Y'all Petty
Posted On:
Wednesday, December 16, 2015

Y’all Petty” 

 

Merriam-Webster defines the adjective petty as, “having little or no importance or significance”. Many of our students understand what this word means but have a misunderstanding of how it applies in their daily lives. The phasey’all petty” is spoken throughout the school day by our students in reference to teachers and staff. The problem here resides in what our students consider to be “petty”. Most adults understand that the things we consider to be petty change as we mature, and that most children fail to properly categorize “petty” things due to immaturity. These “petty” things tend to fall into two categories: appearance and attitude, which this article will explain in greater detail. 

With regard to the first category, part of the purpose of DCAC is to help students develop an understanding of how their personal appearance tells others a lot about them. DCAC teachers and staff members attempt to model appearances that promote positive connotations for our students. This is achieved through the application of a strict dress code, which describes what students need to wear and how to wear it, as well as proper grooming practices. Both of these practices are used to assist our students in creating habits that will help them to succeed in life. Here is where the problem resides. Most students see these practices and the corrections they receive when they fail to follow them as petty because they do not understand their underlying propose. As education professionals, we are fighting an endless battle against popular culture in an effort to show our students that there is a tricky balance between individuality and conformity. We want our students to express themselves, but such expression needs to be within reason. They tend to forget that despite the examples students observe in the media, most people in our society conform to a particular standard of appearance, and that the closer one adheres to this standard, the easier it is to be successful. 
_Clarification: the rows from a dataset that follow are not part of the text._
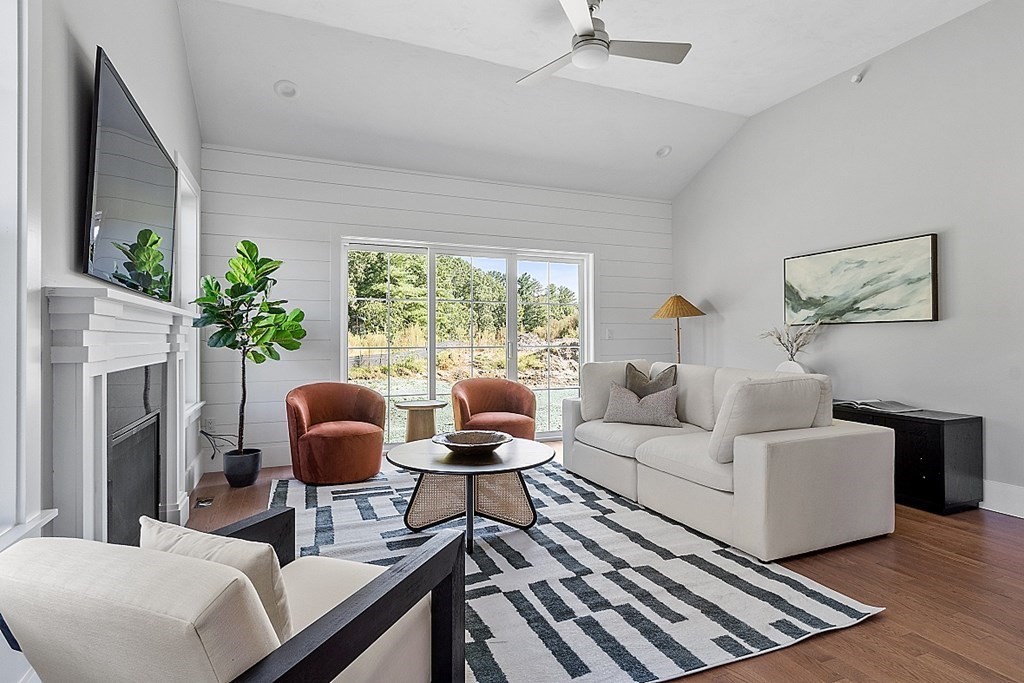 9 Sawgrass Circle, Unit 9 Bellingham, MA 02019 - Photo 11 of 28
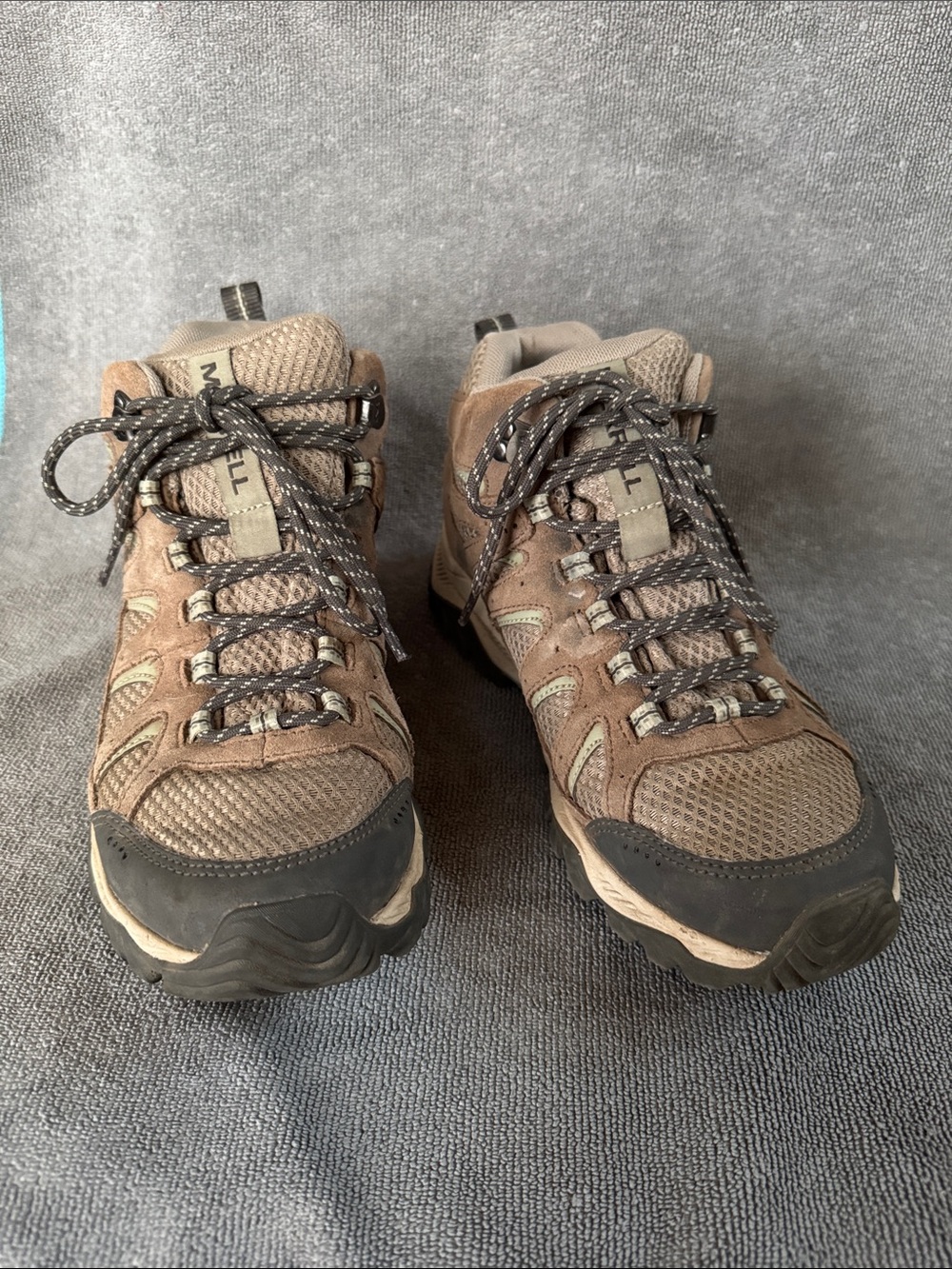 Merrell Women’s Oakcreek Mid Waterproof Hiking Boot Brindle Size 7.5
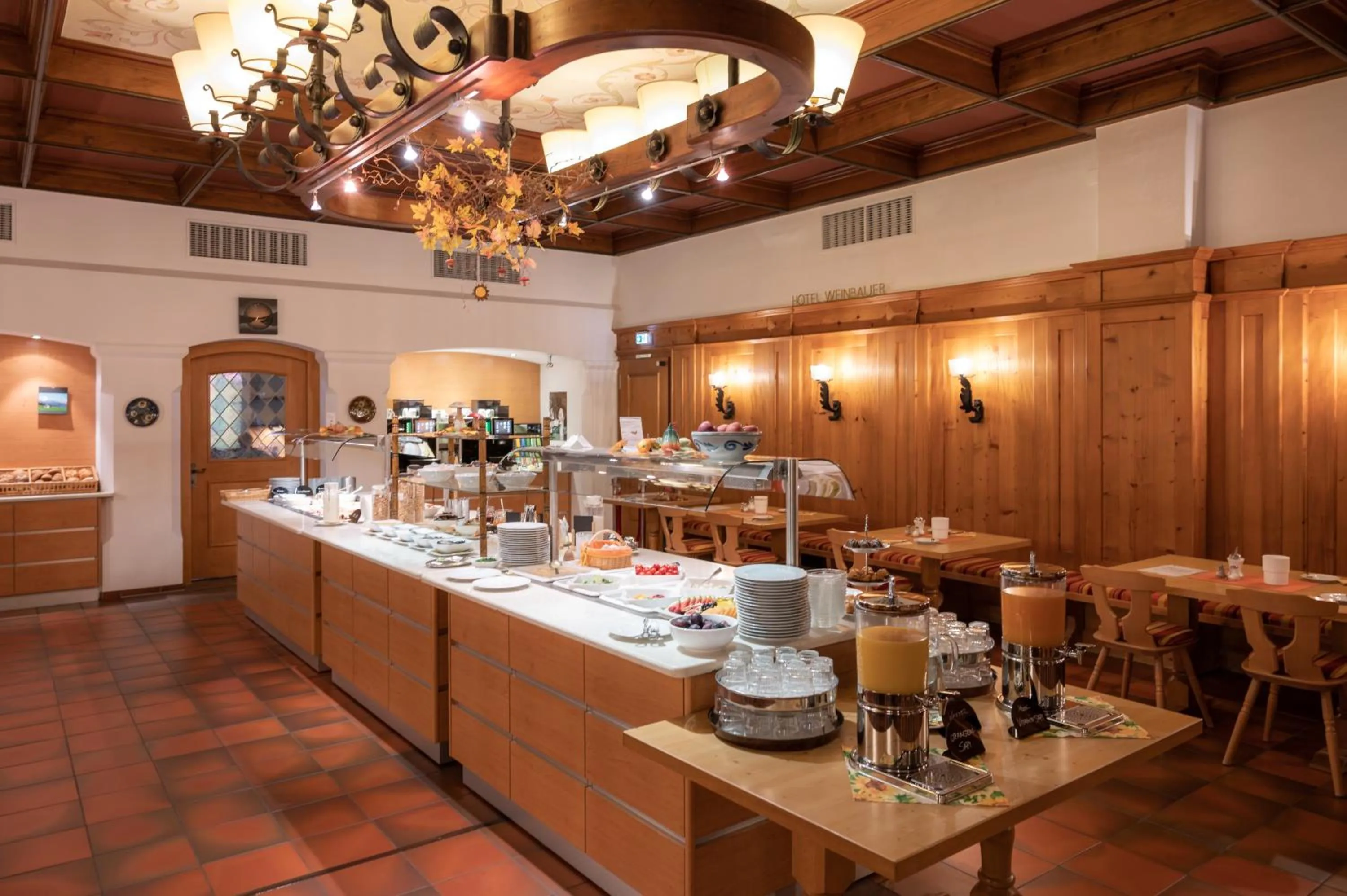 Breakfast in Hotel Weinbauer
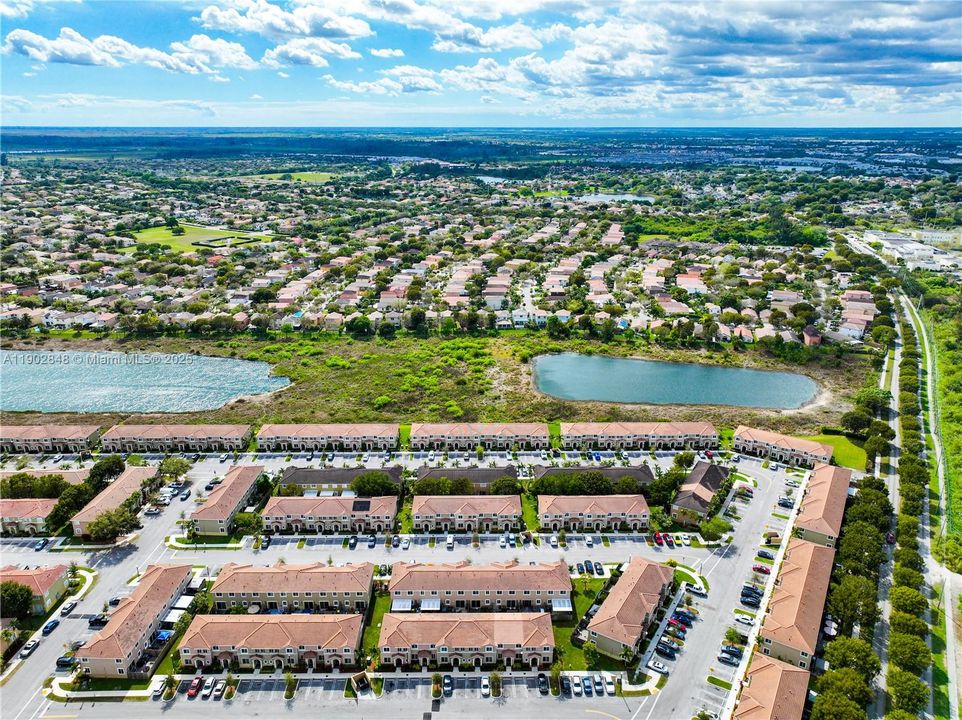 For Sale: $334,900 (3 beds, 2 baths, 1302 Square Feet)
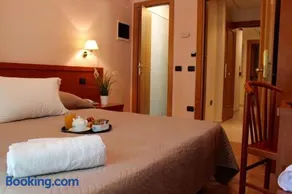 Giole Hotel - Image 4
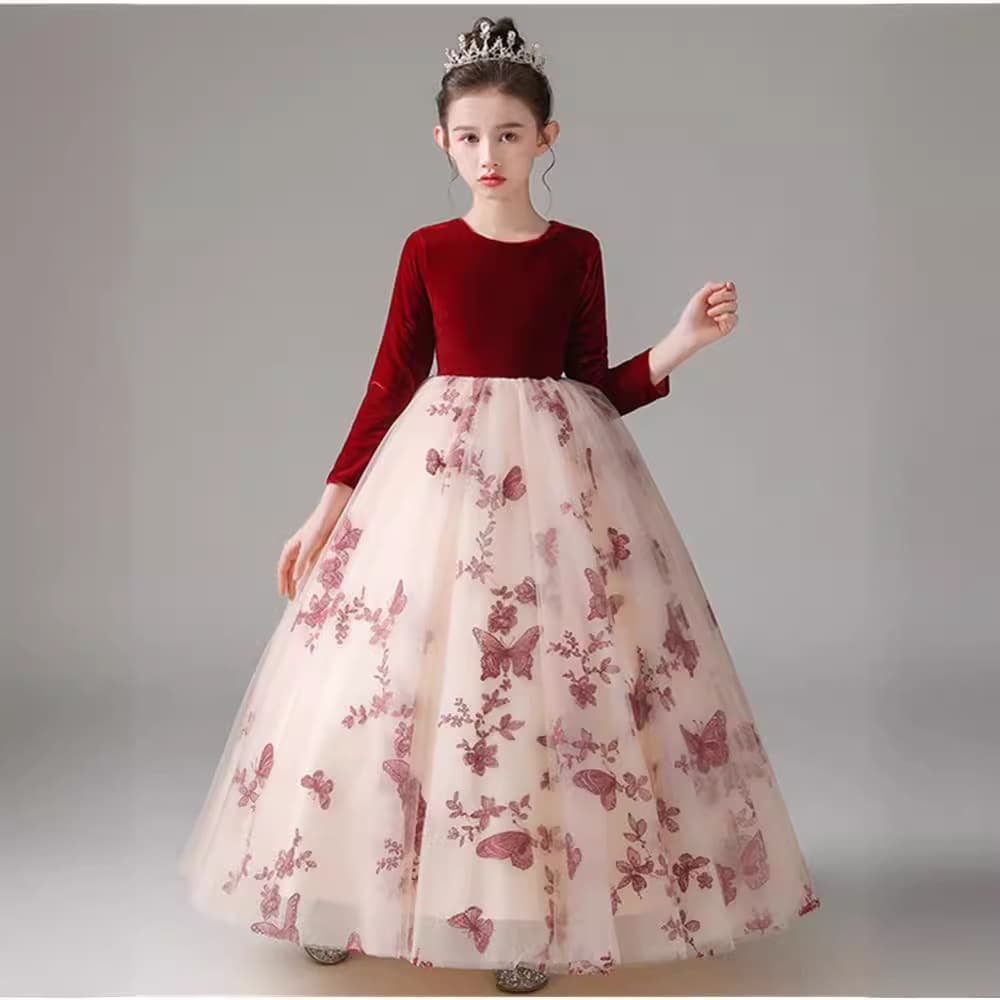 Children's birthday party dress princess violin piano playing girl New Year's Day party host dress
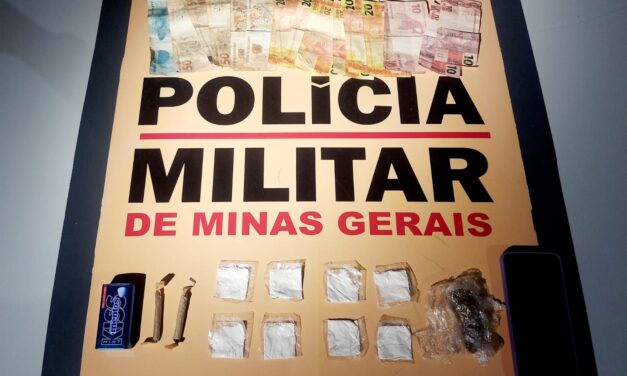 Suspeita de tráfico de drogas é presa durante operação policial na BR-354, em Arcos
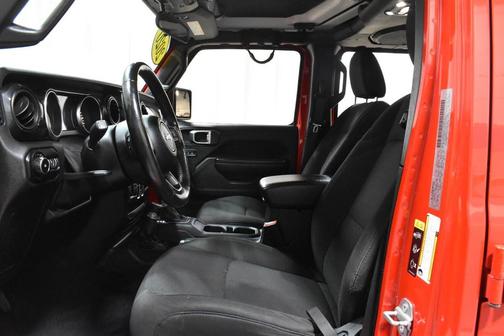 Firecracker Red Clearcoat 2020 Jeep Wrangler Unlimited Sport Altitude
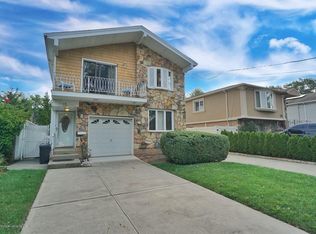 15 Preston Ave, Staten Island, NY 10312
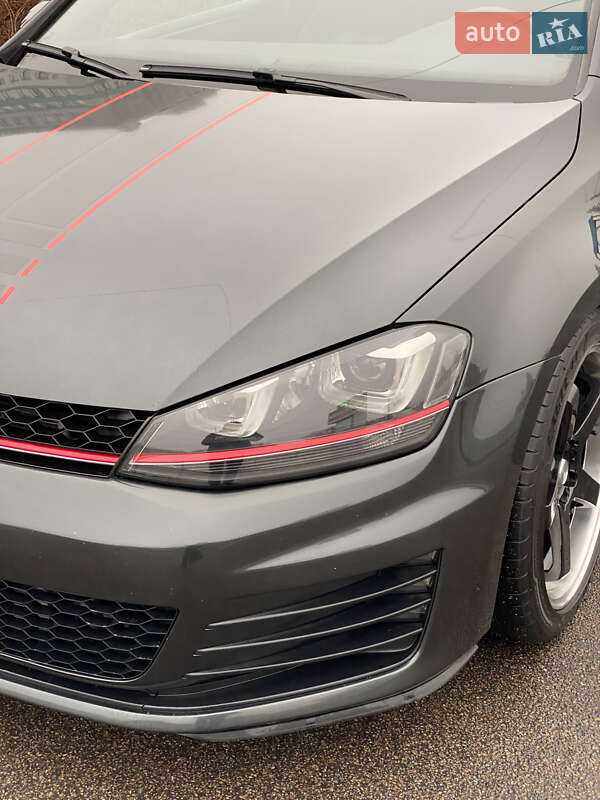 Хэтчбек Volkswagen Golf GTI 2015 в Киеве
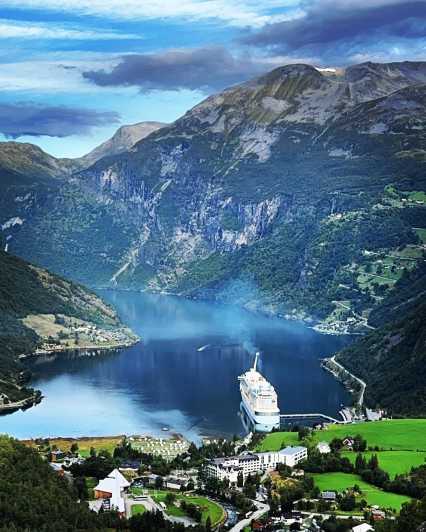 From Geiranger: Dalsnibba & Eagle Road Private Tour & Picnic - From Geiranger to the high road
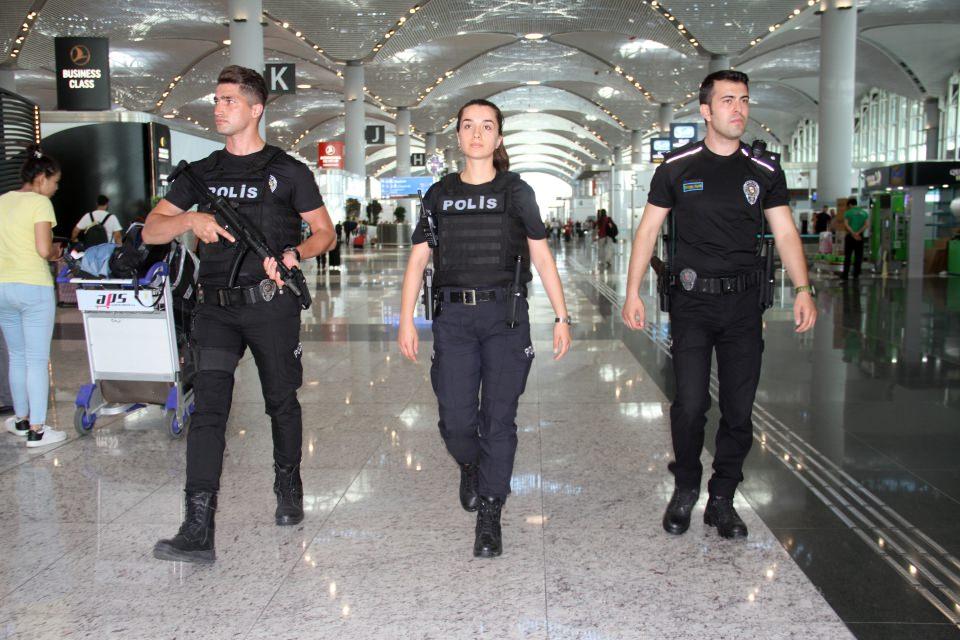 <p>Ayrıca, İstanbul Havalimanı genelinde 5 bin 150 civarında özel güvenlik görevlisi bulunmakta. 1 Ocak 2019 tarihinden itibaren havalimanı genelinde polis sorumluluk alanında bin 350 olaya müdahale edilmiştir. Bu olaylar sonucunda yaklaşık 2 bin 150 aranan şahıs tarafımızdan yakalanarak adli mercilere sevk edilmiştir. İstanbul Havalimanı Şübe Müdürlüğü personeli diğer birimlerden farklı olarak havalimanı gerekliliğine uygun olarak eğitimlere tabi tutulmakta. Bunlar sivil havacılık, hudut kapıları temel eğitimi, davranış analizi ve acil müdahale eğitimlerinden oluşmaktalar. Ayrıca sosyal içerikli eğitimlerde verilmektedir” dedi.</p>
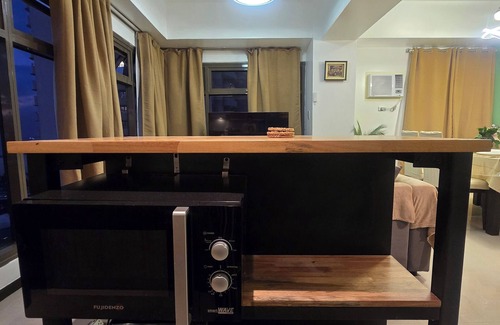 Pasay Condominio | 59sq/m Spacious and Safe condo+free parking+Manila Bay Sunset view/WiFi&NetFlx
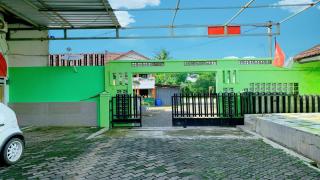 Angel Home Stay by Nusalink - Warungsergon - 7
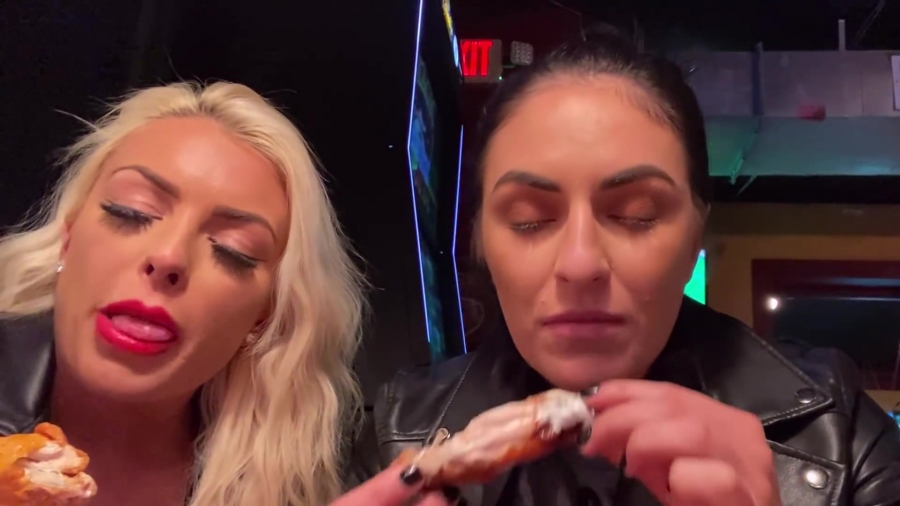 CHICKEN_WINGS_212121_____MANDY_ROSE___SONYA_DEVILLE___WWE_111.jpg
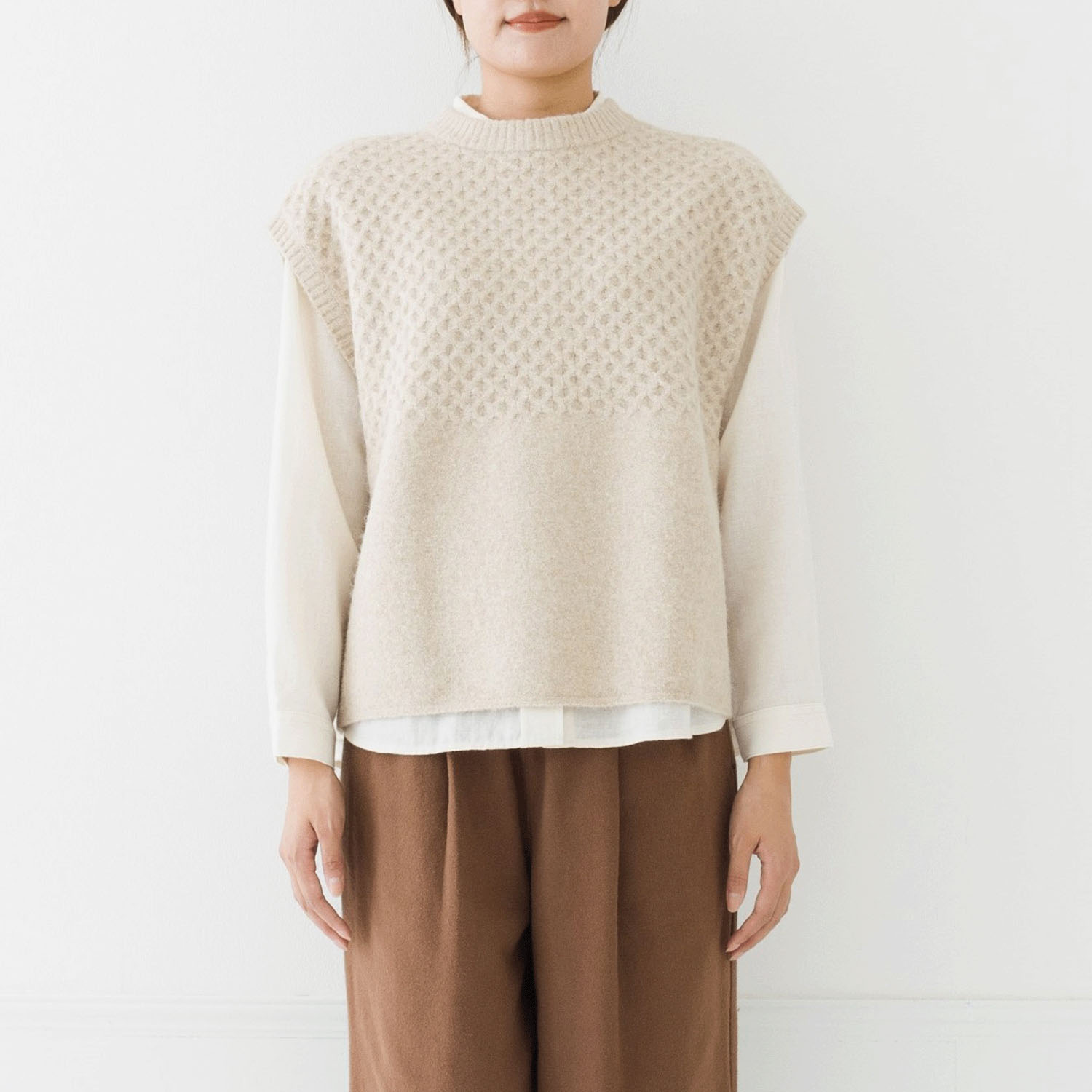 【お取り寄せ】kermu マーセライズウール柄編みベスト - 画像1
The second category of attitude is also a value we promote at DCAC. This can be summarized within part of the “Attitude Speech” that all students must learn while at DCAC, which states “I am convinced that life is 10% what happens to me and 90% how I react to it.” Some students believe teachers and staff are being “petty” when they are reprimanded for their poor attitude. Most of these instances occur in response to directions given to students or questions asked of them. This also becomes a factor when students are expected to communicate tactfully and respectfully with teachers and staff members. At DCAC, we are attempting to show students that if they think before they speak and control their emotions when interacting with people of authority, these exchanges tend to end more positively. Students may find this “petty”, but yet again, life can go a lot more smoothly if one can interact and communicate with others affectively. 

Despite the fact that young people have always had trouble conforming to the societal norms of the previous generation, it has been the responsibility of educators to assist them in developing ways to exist and prosper within those norms. We may be “petty” at times, but in the end, most of our students will look back and thank us for our exhaustive efforts.